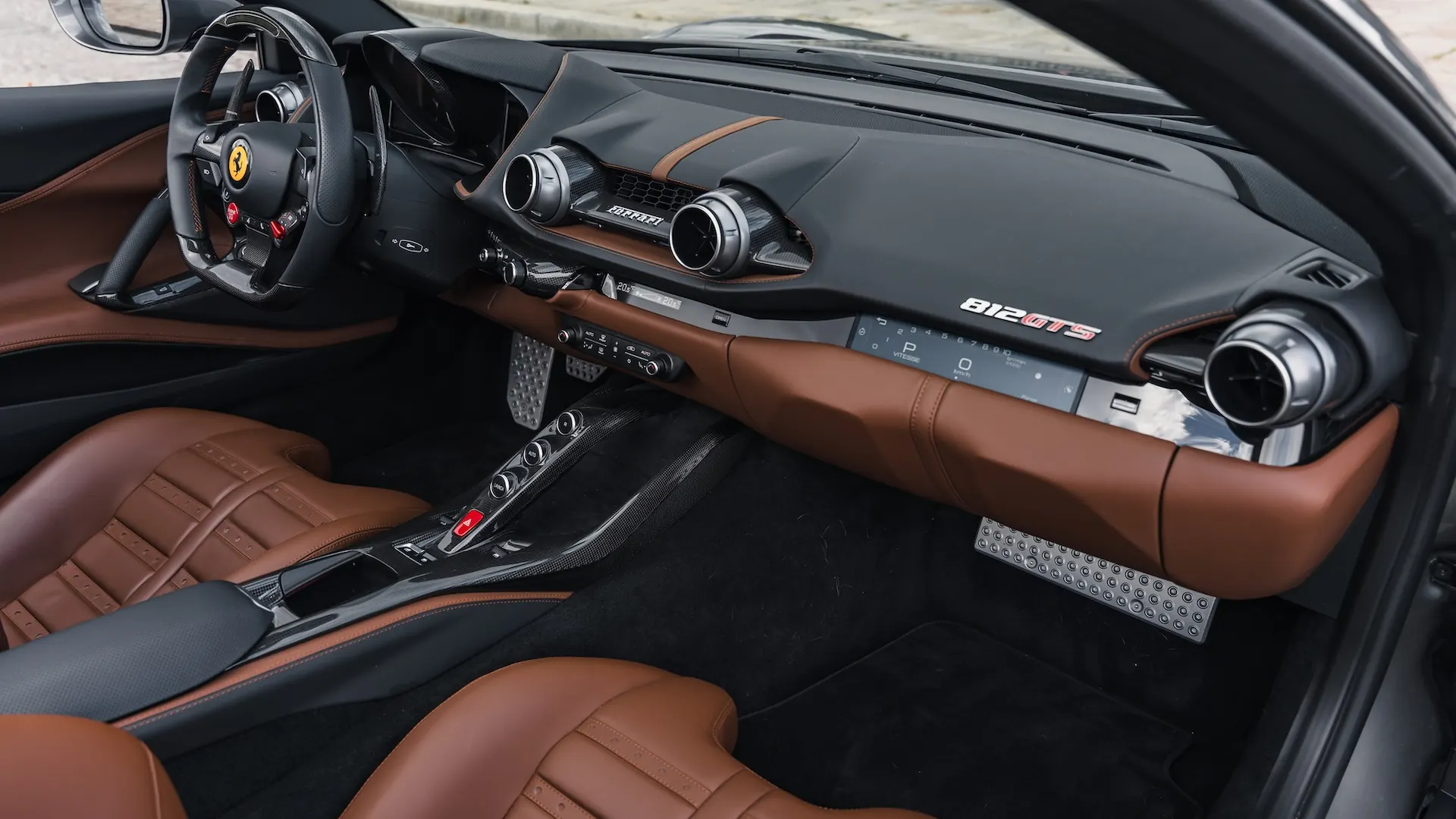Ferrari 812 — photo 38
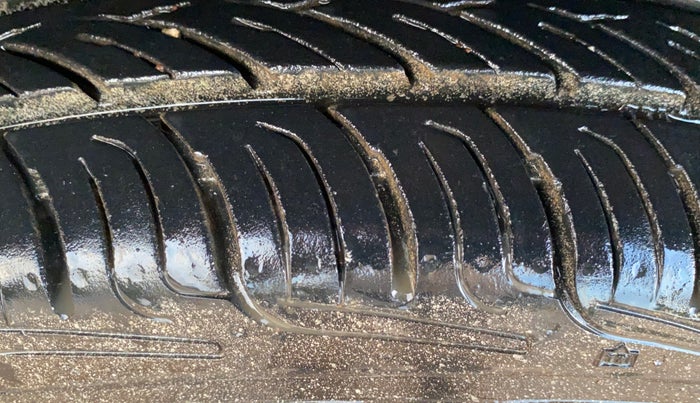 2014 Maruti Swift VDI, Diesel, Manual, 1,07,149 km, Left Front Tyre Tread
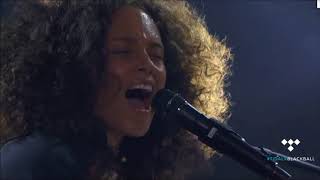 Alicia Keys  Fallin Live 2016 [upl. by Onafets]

◇ ◇ ◇ ◇

HOW TO COMPLETE THIS TASK
Beginning with the line that has "2014 Maruti Swift", repeat each remaining line of the data above word for word, keeping pictures out.

PROBLEM SOLUTION
 2014 Maruti Swift VDI, Diesel, Manual, 1,07,149 km, Left Front Tyre Tread
 Alicia Keys  Fallin Live 2016 [upl. by Onafets]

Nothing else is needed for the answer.